(Stored items from a collection)
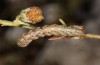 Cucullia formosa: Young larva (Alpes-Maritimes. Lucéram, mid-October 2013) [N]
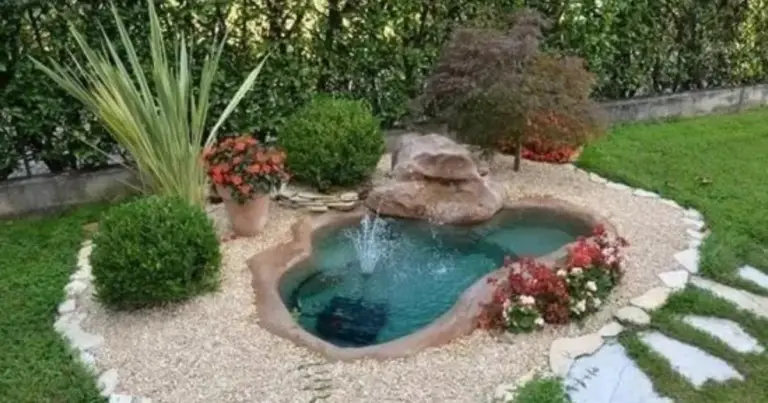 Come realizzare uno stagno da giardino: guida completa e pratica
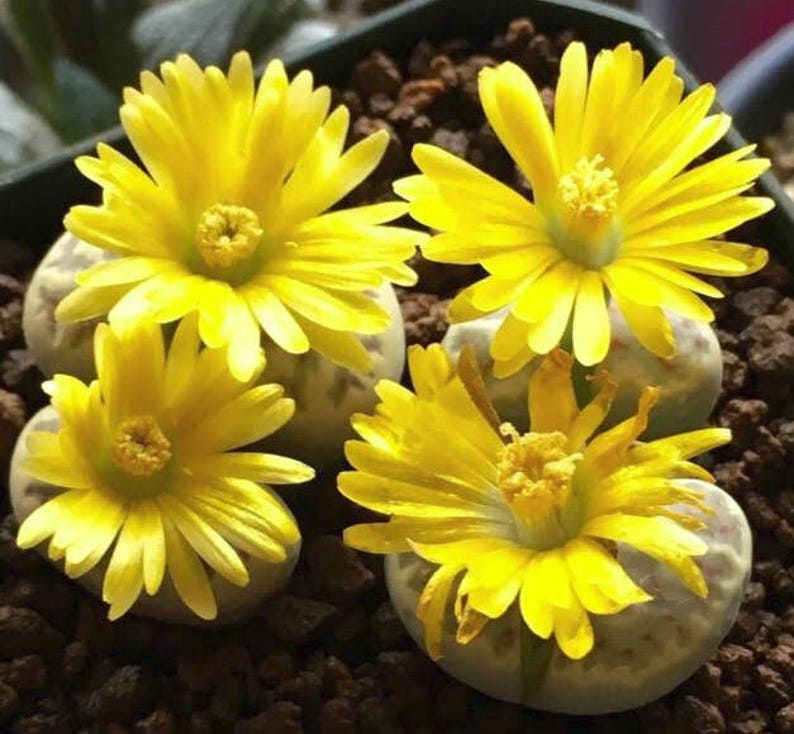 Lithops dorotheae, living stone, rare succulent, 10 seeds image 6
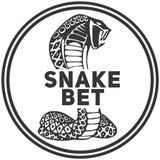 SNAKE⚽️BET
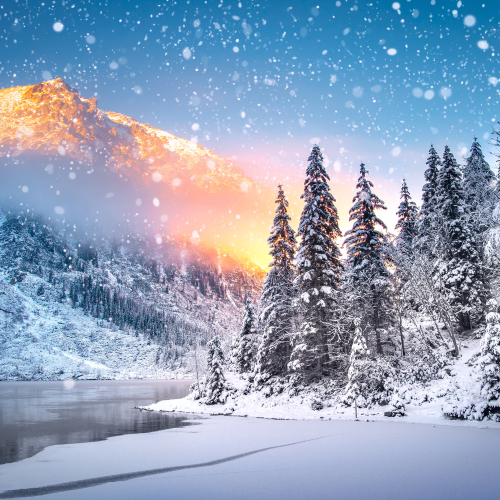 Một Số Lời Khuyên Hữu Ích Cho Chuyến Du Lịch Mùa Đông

• **Task directions**
The reply is to be all the records above, transcribed exactly, with no pictures.

• **Exercise solution**
 Cucullia formosa: Young larva (Alpes-Maritimes. Lucéram, mid-October 2013) [N]
 Come realizzare uno stagno da giardino: guida completa e pratica
 Lithops dorotheae, living stone, rare succulent, 10 seeds image 6
 SNAKE⚽️BET
 Một Số Lời Khuyên Hữu Ích Cho Chuyến Du Lịch Mùa Đông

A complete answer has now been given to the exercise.